> Task objective: Copy down every line of the data that follows exactly. Omit the pictures.

> Data excerpt:
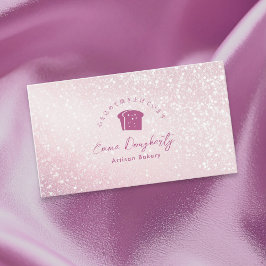 Cartão De Visita Logotipo de Padaria com Brilho Rosa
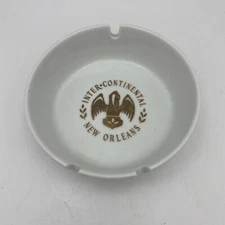 Vintage Intercontinental New Orleans Hotel Ceramic Ashtray White and Gold EUC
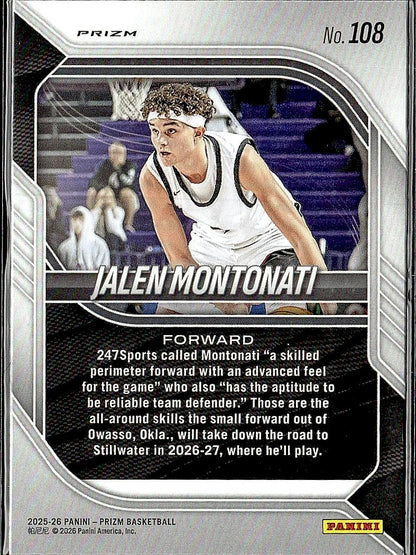 2025-26 Panini Prizm #108 Jalen Montonati Red Ice Prizm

> Problem solution:
 Cartão De Visita Logotipo de Padaria com Brilho Rosa
 Vintage Intercontinental New Orleans Hotel Ceramic Ashtray White and Gold EUC
 2025-26 Panini Prizm #108 Jalen Montonati Red Ice Prizm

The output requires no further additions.